Van Lear’s time in office provides a cautionary tale for Fateh. Then and now, the two men’s political affiliations opened them to charges that their socialist label put them outside the American political mainstream. Van Lear’s election in 1916 represented a sharp break from the series of mainly wealthy businessmen who had served as the city’s chief executive up until then.
Van Lear was not wealthy and he was not a businessman. He had been a skilled factory worker and union organizer before his election. But it was his membership in the Socialist Party of America that outraged the city’s conservative business establishment.
In 1916, Minneapolis had been the scene of a bitter strike by Van Lear’s union, the International Association of Machinists. As the election campaign got underway, the strike galvanized labor support for Van Lear and his pledge to refrain from using the city’s police officers as strikebreakers. Van Lear was able to broaden his appeal to local voters by vowing to rein in the city’s two key public utilities, the street railway and gas company, both of which had a major impact on daily life in Minneapolis.
Mobilizing the labor movement as his base of support, Van Lear was elected mayor with 54% of the vote. As his two-year term began in January 1917, the city’s new chief executive expected to focus on local issues, but international events soon cast a shadow over Van Lear’s mayoral administration.
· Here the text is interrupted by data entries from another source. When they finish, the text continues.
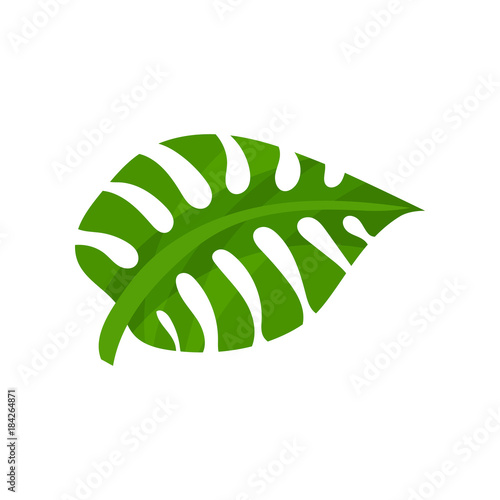 Green monstera plant leaf, summer time cartoon vector Illustration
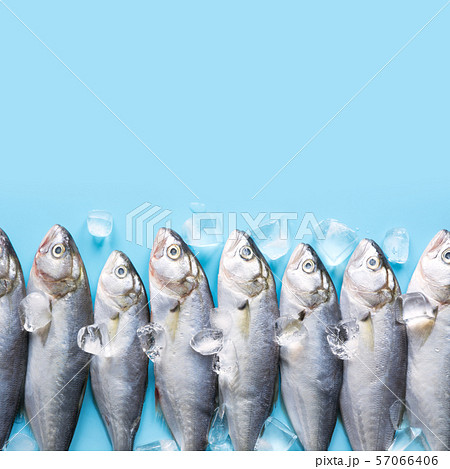 Fresh bluefish with ice cube on blue. Fish pattern Fresh bluefish with ice cube on blue. Fish pattern 57066406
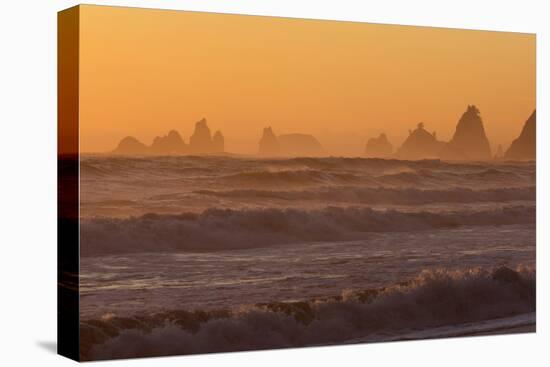 Wa, Olympic National Park, Sea Stacks at Sunset, Rialto Beach-Jamie And Judy Wild-Premier Image Canvas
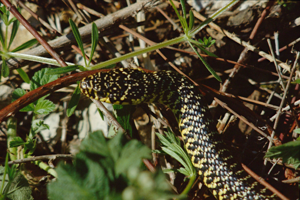 <i>Hierophis viridiflavus</i>  © Robert Guyetant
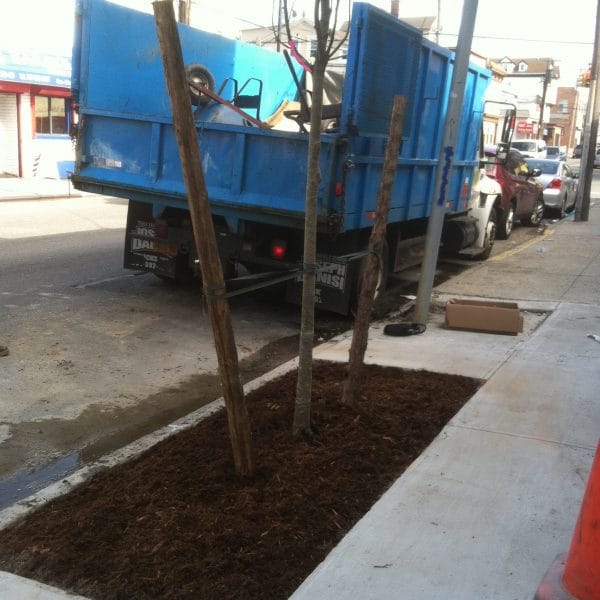 tree planting in queens
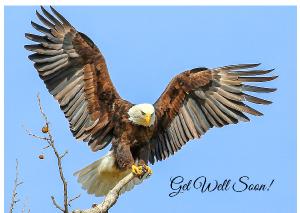 Get Well Soon -- Wings Like Eagles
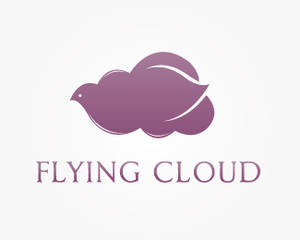 Flying Cloud Logo Design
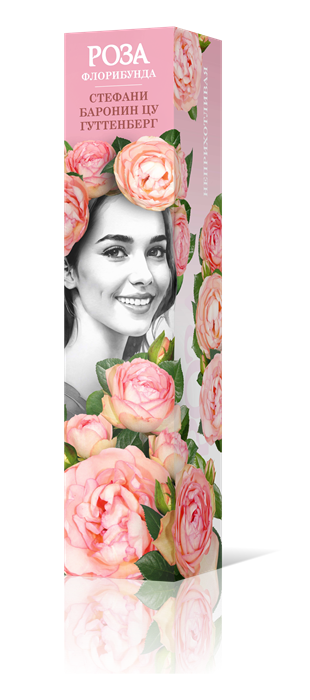 Роза флорибунда Стефани Баронин цу Гуттенберг Садовита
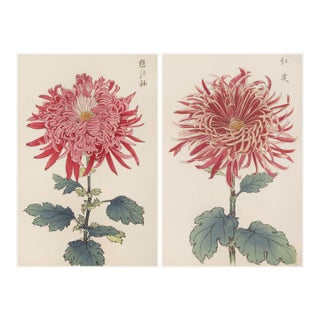 Ruby Petals Diptych – Vintage Japanese Botanical Prints (Set of 2), 40" X 60" For Sale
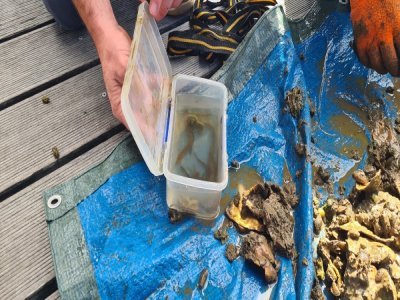 Au sein de ces Biohuts, des habitats artificiels pour les poissons installés au port de plaisance de Rouen, 9 anguilles ont été comptabilisées mardi 11 juin.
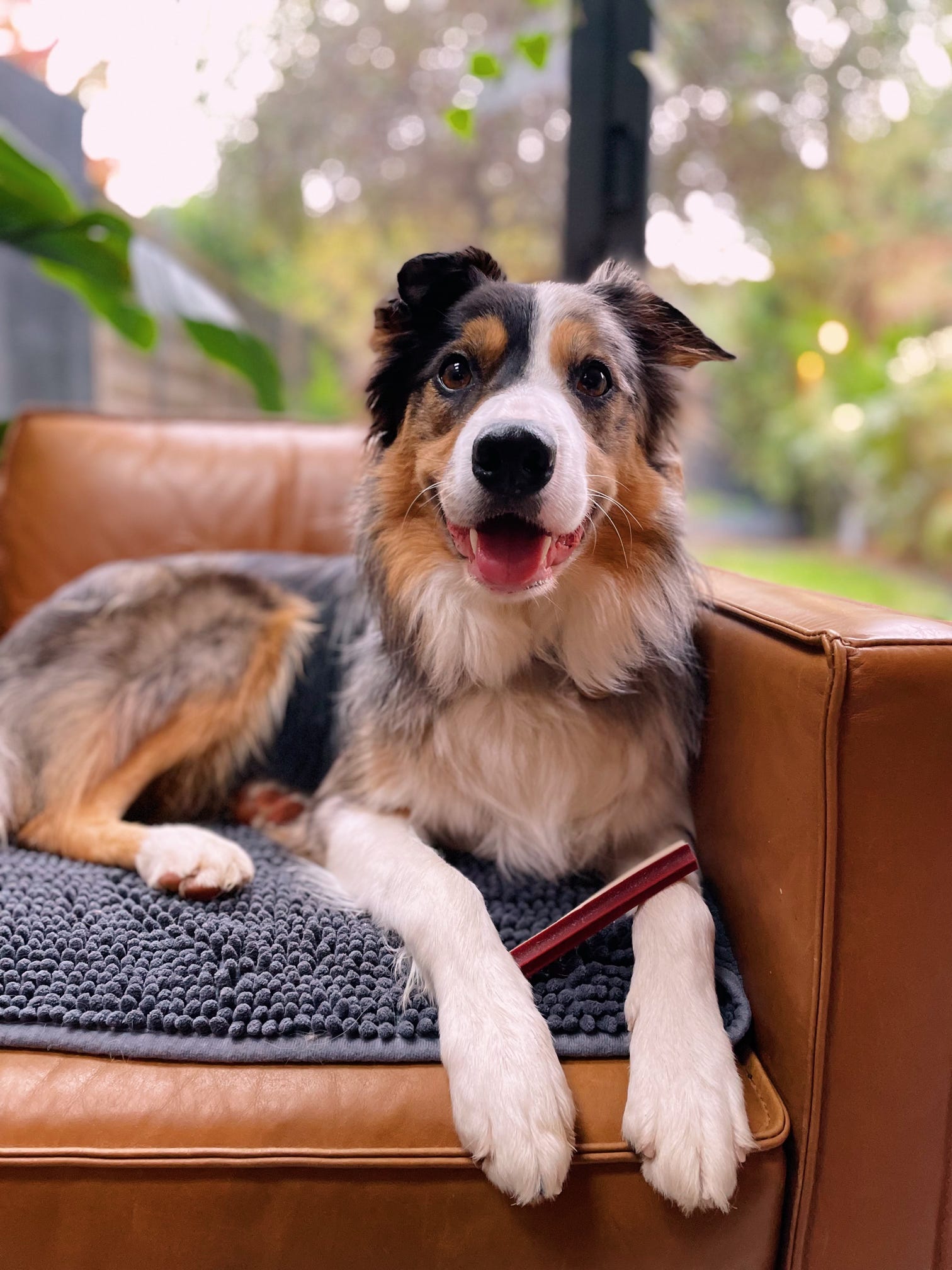 Vegetarian Star Stick image 2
Minneapolis’ Socialist mayor took office only months before the U.S. declared war on Germany. As war fever swept the country in 1917, Van Lear found himself under attack by his political opponents, who equated his ties to the antiwar Socialists with disloyalty that bordered on treason. Despite his efforts keep the focus on his battle with the utilities, the loyalty issue would continue to trail him as he campaigned for re-election in 1918.